June 01, 2007

NEWS-FREE JUNE!

The last article I read last night before midnight was about Lindsay Lohan’s self abuse thru alcohol. She has threatened many of her projects, & already in her short life has checked into rehab multiple times. The Disney girl is twenty – don’t many young men & women test their extremes around their sophomore year of college – shouldn’t rehab be for older, crazier celebrities? If I was being handed Million Dollar Bonuses from Michael Eisner, I can only think of three big green words: Chartreuse, Chartreuse, Chartreuse.

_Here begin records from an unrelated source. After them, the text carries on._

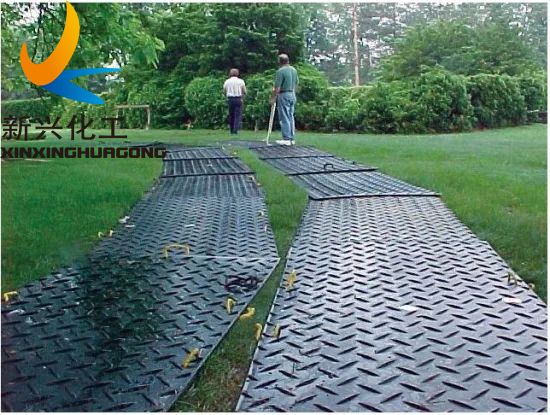 Recycled HDPE ground protection matting for heavy equipment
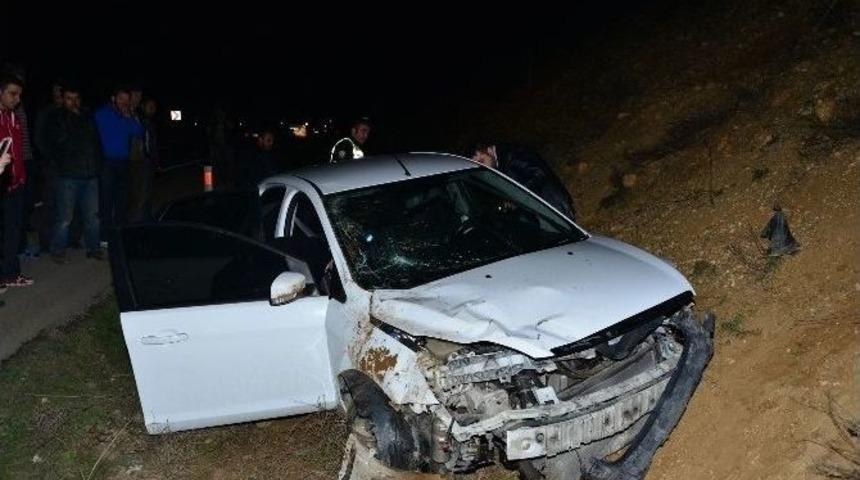 Tokat&rsquo;ta Otomobil Şarampole U&ccedil;tu: 3 Yaralı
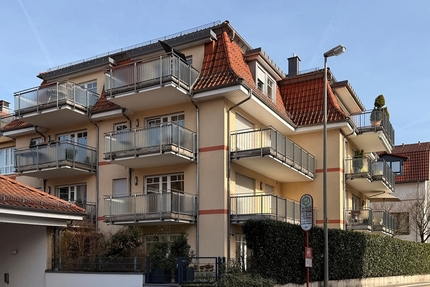 Hofheim: Seniorenresidenz mit Penthousefeeling! Charmante 3-Zimmerwohnung in zentraler Lage - Wohnung Hofheim | Angebot:25539425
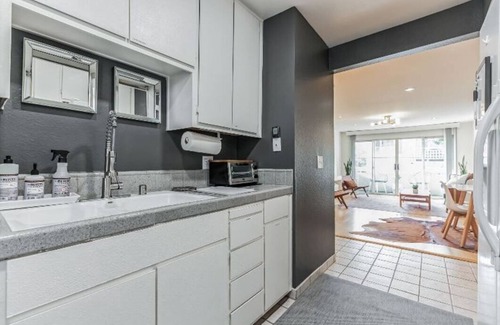 Downtown Sacramento Condo | Capitol quarters! 2 bedroom condo, walking distance to everything!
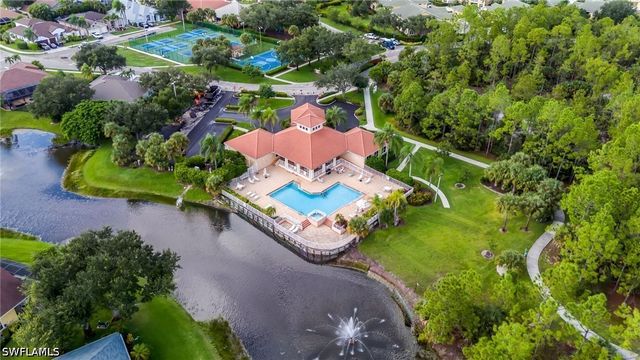 315 Burnt Pine DR, Naples, FL 34119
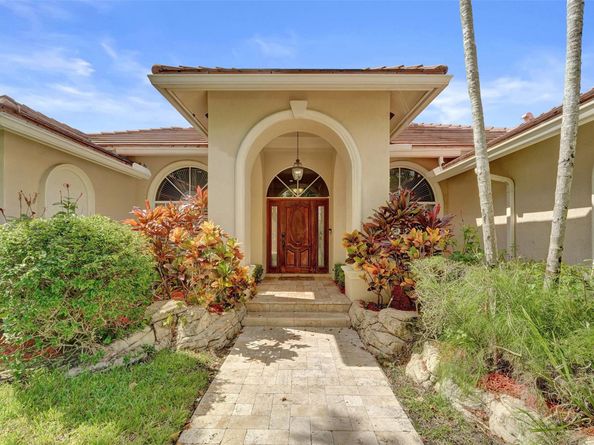 4869 Kensington Cir, Coral Springs FL 33076
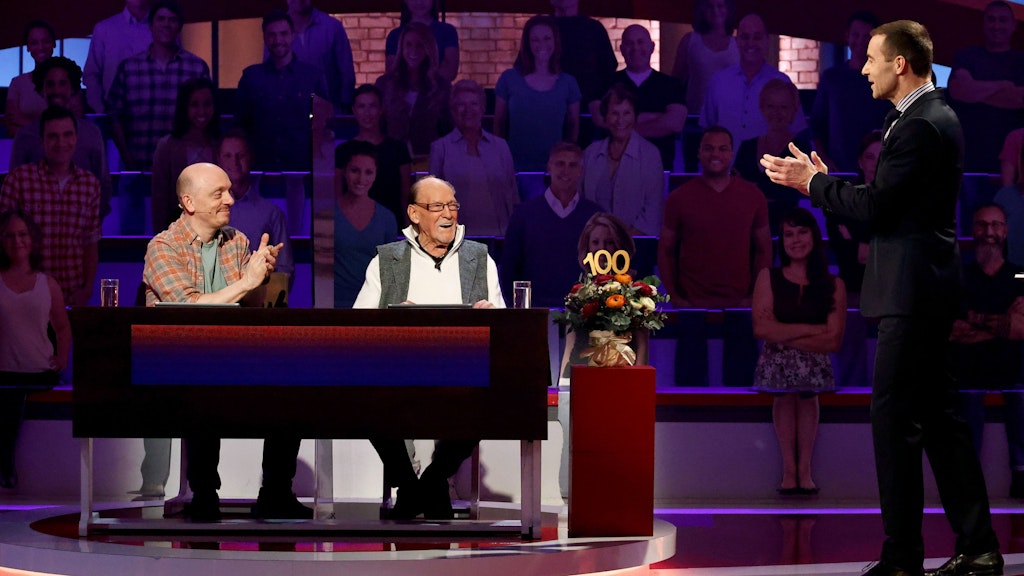 In der Aufzeichnung von „Wer weiß denn sowas?“ wird Herbert Köfer von Moderator Kai Pflaume und Rate-Fuchs Bernhard Hoëcker (li.). Am 100. Geburtstag des Schauspielers, dem 17. Februar, wird die Quiz-Show im Ersten gezeigt.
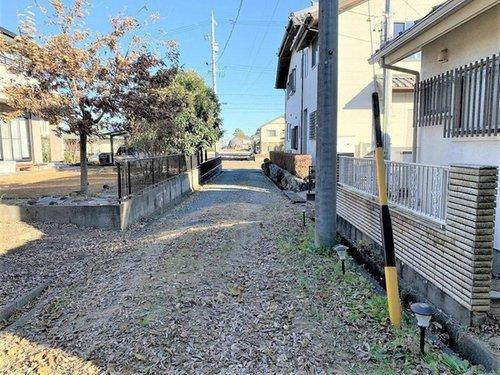 売中古戸建　磐田市一言の前面道路含む現地写真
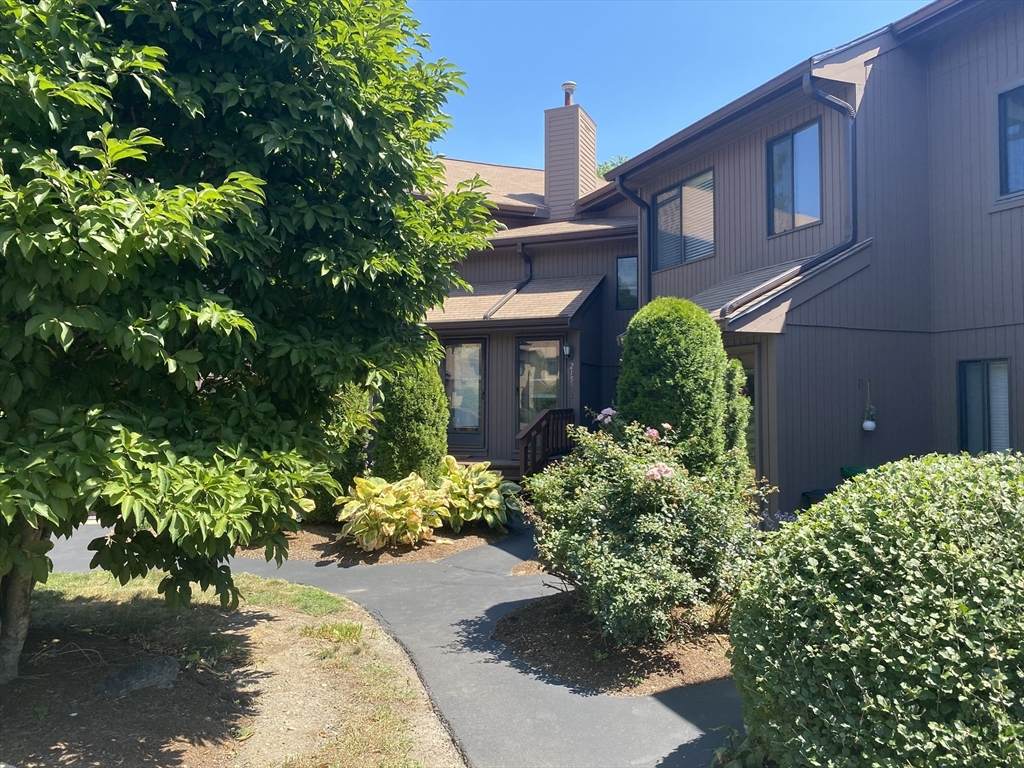 215 Trailside Way - Photo 1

Tangentially or not, it was a fitting gross overdose of nonsense media before NEWS-FREE JUNE. Why am I performing this withdrawal? I’ll tell you. While I was working at my bookstore, I lost all focus & the ability to read a book. I spent this repartitioned time reading online newspapers (mostly the NY Times & the Economist). Will cold turkey on newspapers let me read books again? There could be other sources which are poisoning my relationship to literature, even simply my selection, but there are other good reasons to give myself a break:

One, the more you read the news, the slower it seems to happen. It occurs to the casual observer that some serious shifts need to happen in politics & culture – & a watched expectorator never expectorates. I’m doing this for the good of the country.

Also, the beginning of summer is a sleepy time for international revolutions. Could the Decembrist Uprising have happened in June? I can’t think of any thing important ever happening in June. Remember June, 2001, even our virgin commander was gardening.

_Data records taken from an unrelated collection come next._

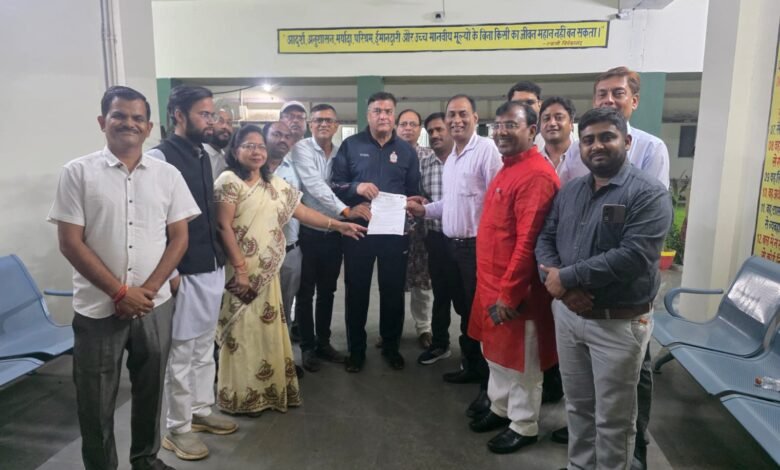 भाजपा शिक्षा प्रकोष्ठ ने एसएसपी दुर्ग को सौंपा ज्ञापन, स्कूल-कॉलेजों के आसपास पिंक पेट्रोल और पुलिस गश्त बढ़ाने की मांग छात्राओं की सुरक्षा, नशामुक्ति अभियान और अवैध गतिविधियों पर सख्ती को लेकर हुई चर्चा, एसएसपी ने दिया प्रभावी कार्रवाई का आश्वासन संवाद अपडेट भाजपा शिक्षा प्रकोष्ठ ने एसएसपी दुर्ग को सौंपा ज्ञापन, स्कूल-कॉलेजों के आसपास पिंक पेट्रोल और पुलिस गश्त बढ़ाने की मांग छात्राओं की सुरक्षा, नशामुक्ति अभियान और अवैध गतिविधियों पर सख्ती को लेकर हुई चर्चा, एसएसपी ने दिया प्रभावी कार्रवाई का आश्वासन संवाद अपडेट
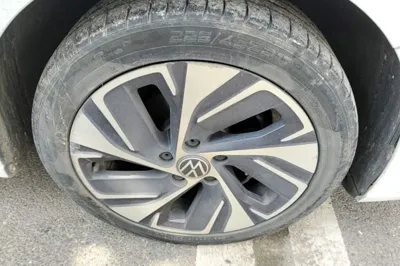 Volkswagen Bora 2023, 36000 км, за 76647.1 CNY - фото 8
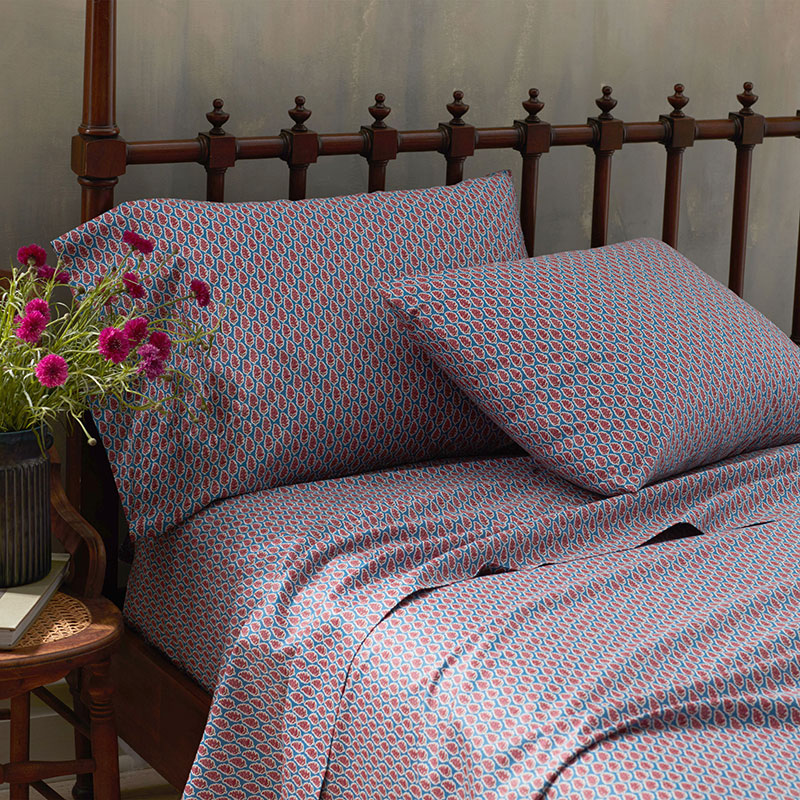 Butti Floral Premium Smooth Sateen Flat Bed Sheet - Red/Blue, Queen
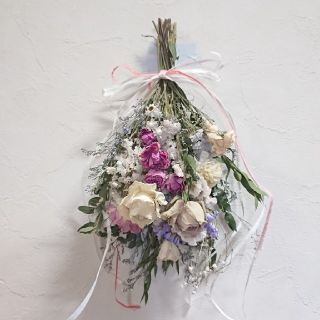 ストロベリーピンクの薔薇のスワッグ(ドライフラワー)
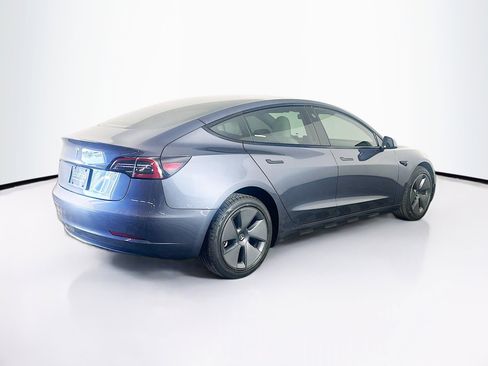 Used 2023 Tesla Model 3 Standard Range RWD image 9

Thirdly, I’ll be in a good place to avoid the cyber papyruses. In preparation to spend some time this month at this arts farm, I was given a yellowed paperback of G.I. Gurdjieff’s Meetings With Remarkable Men, on the cover of which is a still from the classic Peter Brook film. This morning, honoring my seismic shift in reading materials, I laboriously ascended a mountain of learning (meaning, it was 90 degrees & humid as I walked up the hill to Cornell’s library), & read the introduction. I have been following some omens & coincidences recently, but the fact that the bulk of Gurdjieff’s somewhat silly introduction is ‘quoting’ an elder Persian wise man, & most of that wise man’s speech is a rant again Journalism, was almost too perfect.

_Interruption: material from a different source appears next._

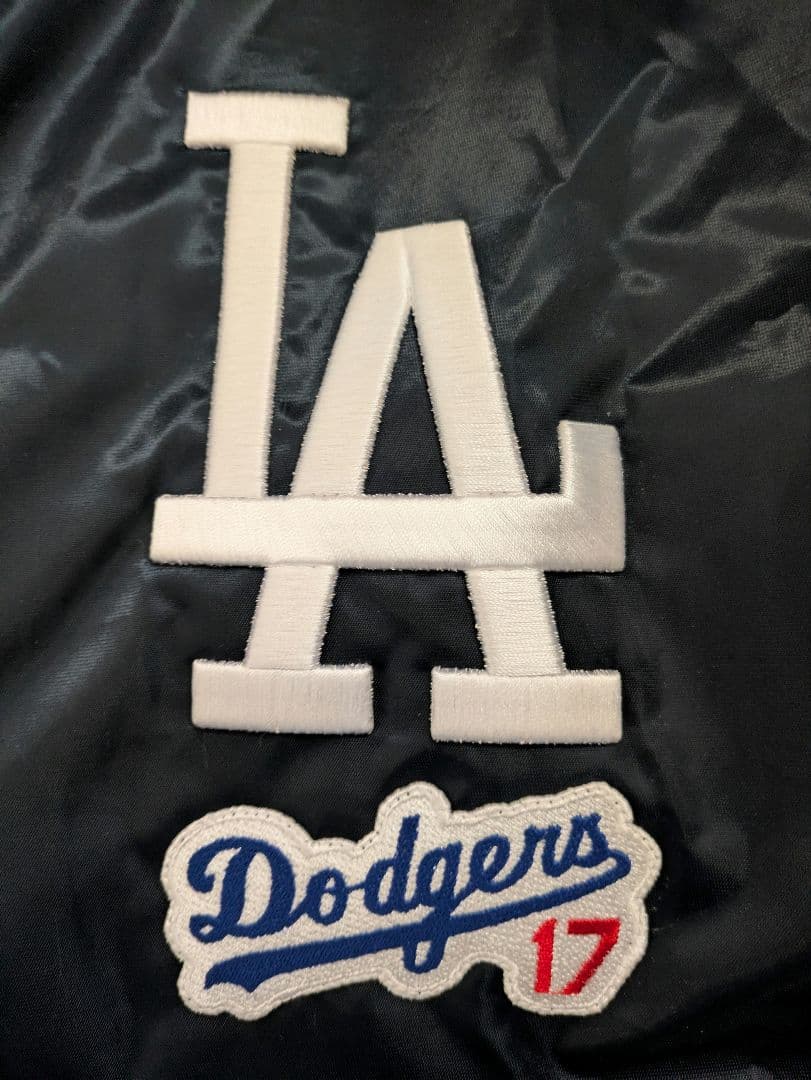 ロサンゼルスドジャースDodgers17　スタジャン　大谷翔平 L パーカー濃紺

The Persian tells a series of anecdotes to illustrate why Journalism is bad for the good of society. In the first, an Armenian living in Tehran is inspired by repeated newspaper advertisements to buy certain sausages for dinner, & mortally poisons himself & his entire family. The executor of his will discovers that the shipment of meat was intended to be exported, but when it missed its deadline, some expense was spent to dump it in Tehran, hence the urgent & deceptive ads. Why are things advertised & how does that affect the content of commercial writing? At least today, we don’t have to worry about the safety of our meat. Ha!

The second anecdote seems almost Melvillean. The elder Persian, whilst staying in Baku, believes a newspaper review that a certain actress is worth seeing. He goes to see her perform, & feels betrayed by the review, because she sucks. “But even taking into consideration my personal standpoint, I must confess that in all my life I had never seen anybody to compare with this celebrity for lack of talent & absence of even the most elementary notions of the principles of playing a role.” (That’s the type of subtle wordy humor which reminded me of Melville.) He goes on to explain that a rich man had bribed various insiders to make a celebrity of his girlfriend. (That’s why the image for the blog entry is William Randolph Hearst’s mistress, Marion Davies, not Lindsay Lohan.)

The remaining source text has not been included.